The problem arises from understanding the meaning of this passage when it is taken as a Scriptural snippet apart from the rest of the long argument in Galatians that Paul is making beginning in Chapter 1. It is a common practice for those who wish to establish a credo-baptist view to rip certain texts out of context and make them say something that Paul never intended them to say. You may wish to read my critique of Greg Welty who does just this: http://www.solideogloria.com/L./a_c..._of_galatians_in_from_circumcision_to_baptism. In fact, I've even seen John Piper take a snippet such as "circumcision is nothing" to establish that our children have not special place.

First, let's deal with what Paul is actually establishing in Galatians. Some Pharisee believers have influenced many in the Galatian Church that the Gentile believers are not truly part of the Covenant until they become circumcised and take on the requirements of the Law, including all its provisions. They even claim that Paul once taught this but has "softened" his message as of late to gain approval by Gentiles.

You can understand how early Gentile believers might have envied the Jewish believers. Gosh, Calvary Chapel folks still do and modern Jews are completely apostate. All the Apostles were Jews and to the Gentile believer there must have been this sense of amazement at this ancient and rich culture that has been entrusted with the Word of God for all this time. Add to this the fact that it took a while for the Jewish believers to understand that the unclean ones, the "dogs", have now been included among God's people. Look how hard it was for Peter to understand. There is obvious tension and separation and was even the impetus for the creation of the diaconate (and those were Hellenist Jews at least).

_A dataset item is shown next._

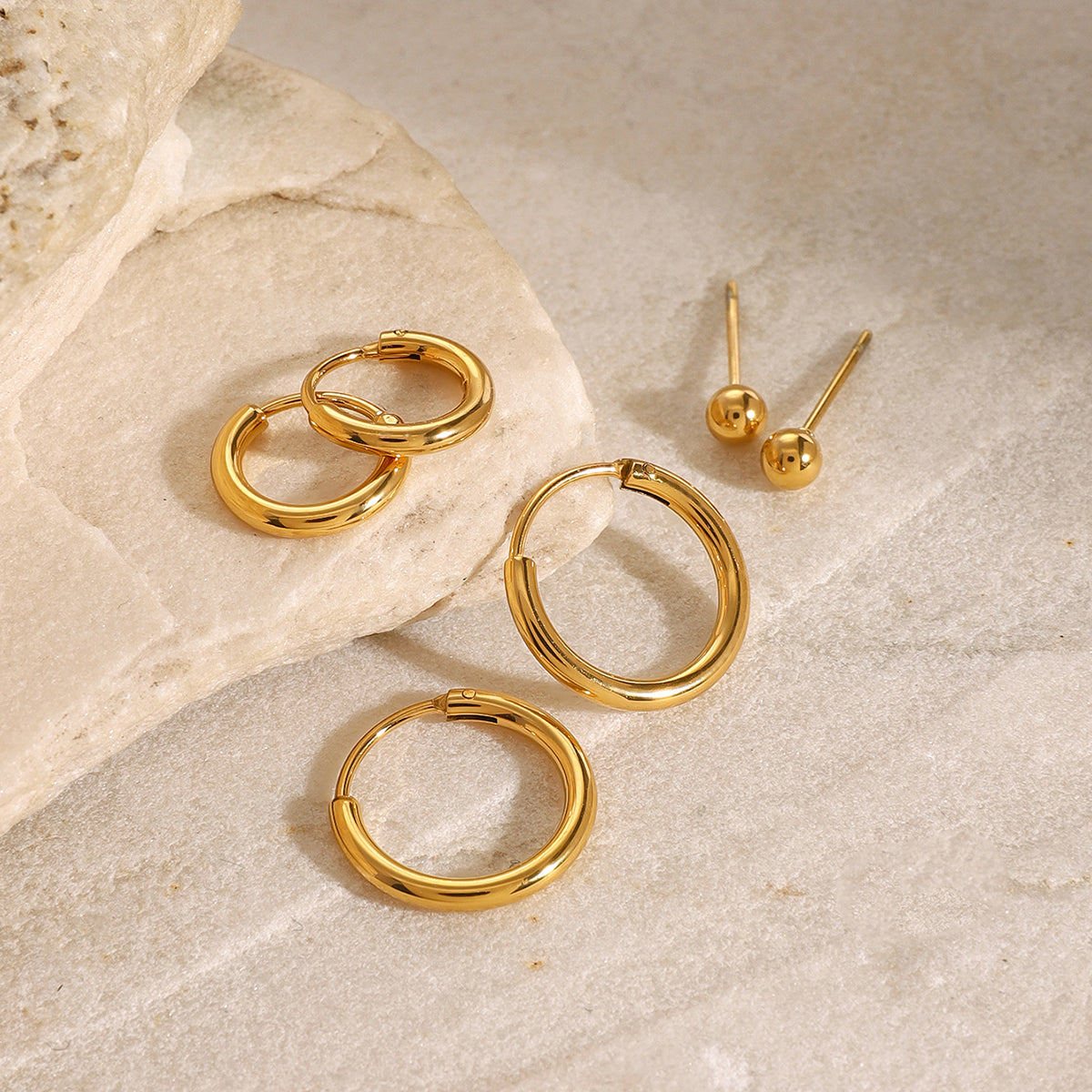 ROUND MINIMALISTIC EARRINGS | GOLD PLATED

Anyway, you have this whole "Gosh I wish I was a Jew" combining with "You've got to be a Jew" thing going on. Paul even notes that Peter stumbles into this and Paul rebukes him to his face for it. When I taught through this passage some months ago I became very emotional at this part of Galatians when I reflected upon what Peter, a leader in the Church, had "preached" by his actions when he removed himself from the Gentiles. I had trouble containing my emotions while I was teaching my students because it was very heart-wrenching thinking of what he was saying about the Gospel of Christ in that separation. One wonders how much more emboldened some Judaizers might have become had Paul not rebuked him. Gosh, I just LOVE Paul! He's such a man!

Anyway, Paul throughout Galatians is demonstrating that this who Judaizing thing is a *heresy*. It is a false Gospel. Galatians 1-5 literally adds point upon point upon devastating point. He leaves the Judaizing position bleeding all over the floor and then stomps on it some more. You need to see Galatians 3 as a continuation of that theme.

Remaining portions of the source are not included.